Dear friends: forty days ago we celebrated the birth of our Lord Jesus Christ. Now we recall the day on which he was presented in the Temple, when he was offered to the Father and shown to his people. As a sign of his coming among us, his mother was purified, as we now come to him for cleansing. In their old age Simeon and Anna recognised him as their Lord, as we today sing of his glory.

Today we celebrate both the joy of his coming and his searching judgement, looking back to the day of his birth and forward to the coming days of his passion.

Opening Verse of Scripture Psalm 118:19

Open for me the gates of righteousness; I will enter and give thanks to the LORD.

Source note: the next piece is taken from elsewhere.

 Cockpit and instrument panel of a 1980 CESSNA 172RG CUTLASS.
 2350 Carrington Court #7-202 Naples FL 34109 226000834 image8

Collect Prayer for the Day—Before we read we pray

Almighty and ever-living God, clothed in majesty, whose beloved Son was this day presented in the Temple, in substance of our flesh: grant that we may be presented to you with pure and clean hearts, by your Son Jesus Christ our Lord, who is alive and reigns with you, in the unity of the Holy Spirit, one God, now and for ever.

Lord Jesus Christ, light of the nations and glory of Israel: make your home among us, and present us pure and holy to your heavenly Father, your God, and our God.

Eternal Lord, our beginning and our end: bring us with the whole creation to your glory, hidden through past ages and made known in Jesus Christ our Lord.

First Bible Reading  Malachi Chapter 3:1-5

"See, I will send my messenger, who will prepare the way before me. Then suddenly the Lord you are seeking will come to his temple; the messenger of the covenant, whom you desire, will come," says the LORD Almighty. But who can endure the day of his coming? Who can stand when he appears? For he will be like a refiner's fire or a launderer's soap. He will sit as a refiner and purifier of silver; he will purify the Levites and refine them like gold and silver. Then the LORD will have men who will bring offerings in righteousness, and the offerings of Judah and Jerusalem will be acceptable to the LORD, as in days gone by, as in former years. "So I will come near to you for judgment. I will be quick to testify against sorcerers, adulterers and perjurers, against those who defraud labourers of their wages, who oppress the widows and the fatherless, and deprive aliens of justice, but do not fear me," says the LORD Almighty.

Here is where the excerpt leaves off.